Not all of today’s polls were of the highest caliber, as many Democrats were inclined to remind me on twitter. Certainly, Obama would rather be down in Rasmussen and ARG than CBS/NYT/Quinnipiac, but this argument implies that Obama is faring pretty well in the “good polls” and there isn’t an especially clear “good” versus “bad” poll dynamic, at least not yet. Romney made big gains in Pew Research and Fox News, two solid live interview surveys that call cell phone voters and previously pointed toward a modest or even large Obama lead before the debate. At the state level, the argument is somewhat better with Seltzer, CBS/NYT/Quinnipiac, CNN, and NBC/Marist polls showing Obama with a slight edge in the battlegrounds, but these data aren’t so overwhelmingly positive for the president as to outweigh Pew, Gallup, and Fox, let alone when coupled with SurveyUSA. Perhaps future polls will divide along perceived qualitative lines, but right now the evidence is not especially clear.

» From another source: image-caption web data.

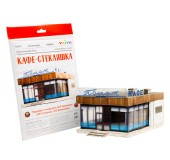 Karton maket modeli – Şüşəli kafe "Polet"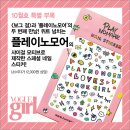 마리 헤어&네일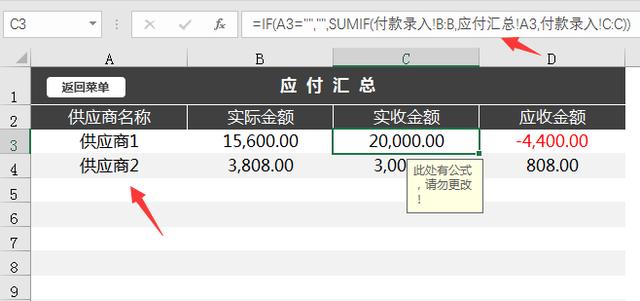 Excel进销存管理，更换年份，自动日收支统计，简单实用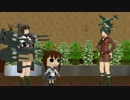 【艦これMMD】電(ぷらずま)ちゃんが行く！中身が薄い小ネタ集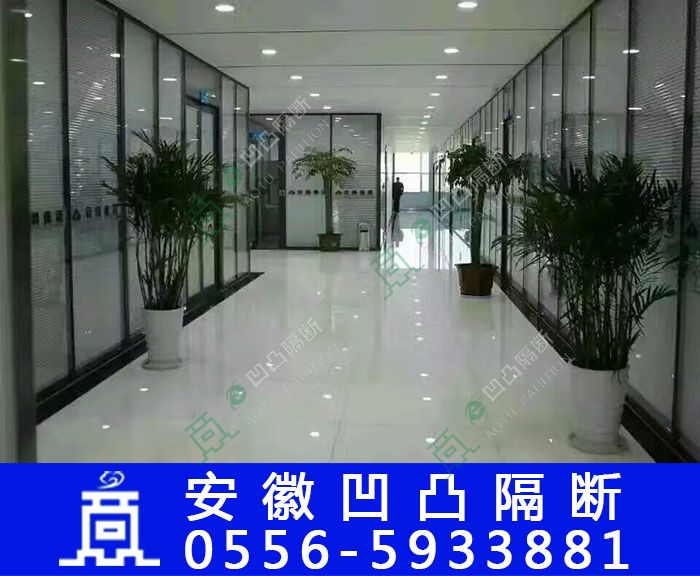 汕頭玻璃隔斷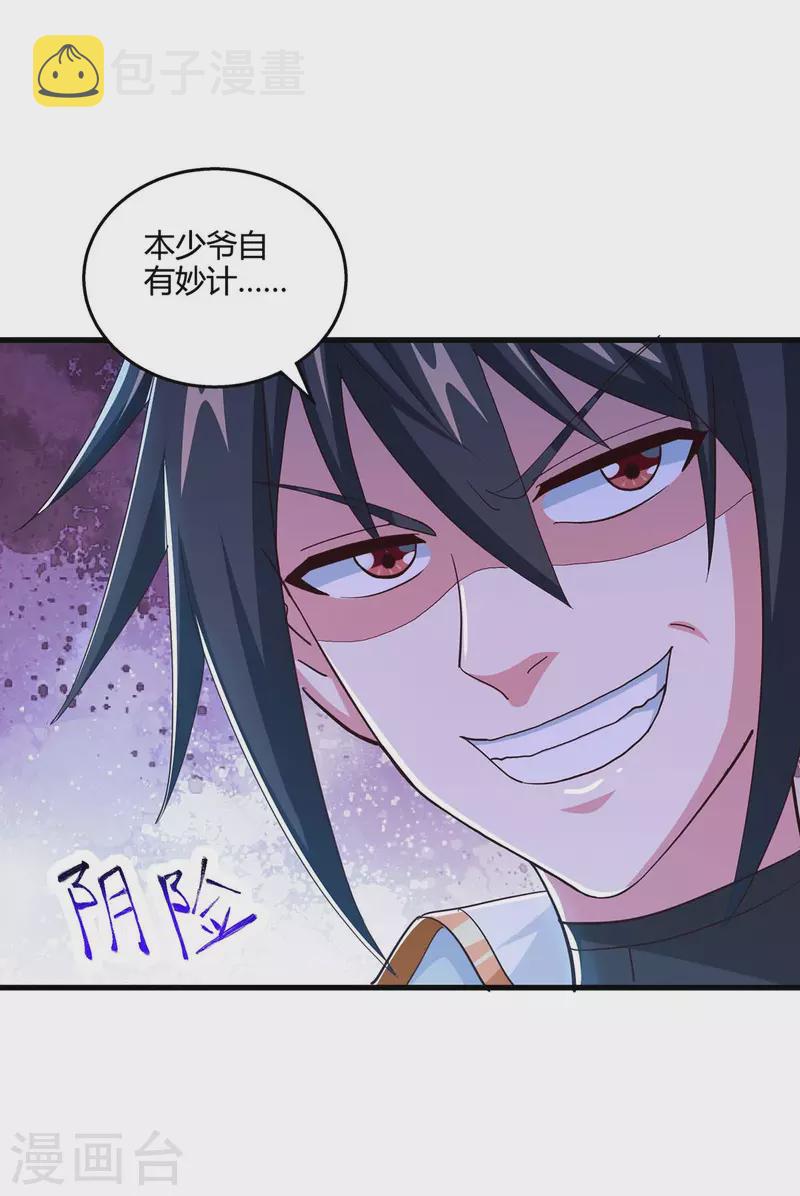 第346话 借光开道24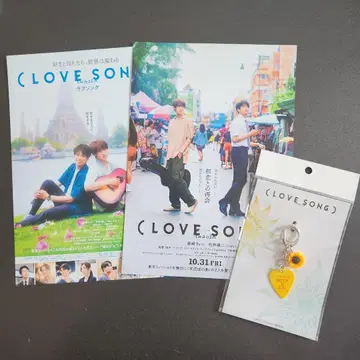 영화 LOVE SONG 피크 키링 플라이어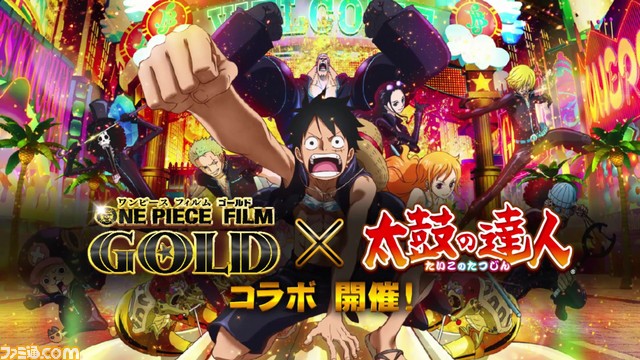 『太鼓の達人 レッドVer.』4つの大型コラボレーションと楽曲追加のアップデートを8月3日に実施_02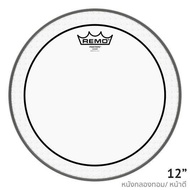 Remo Pinstripe หนังกลองทอม 12" แบบใส สองชั้น รุ่น PS-0312-00 -- Made in USA -- White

The silver lining for Obama supporters? So far, it's just one day of polls showing Romney ahead in the battlegrounds and recent polls from NBC/WSJ/Marist or CBS/NYT/Quinnipiac are hardly outdated. And maybe the best news for the president was by omission: pollsters didn't decide to survey Ohio, Iowa, or Wisconsin; three states sufficient to reelect the president where Obama has led in most post-debate polls. If polls will soon show Romney ahead in those states, they weren't published today.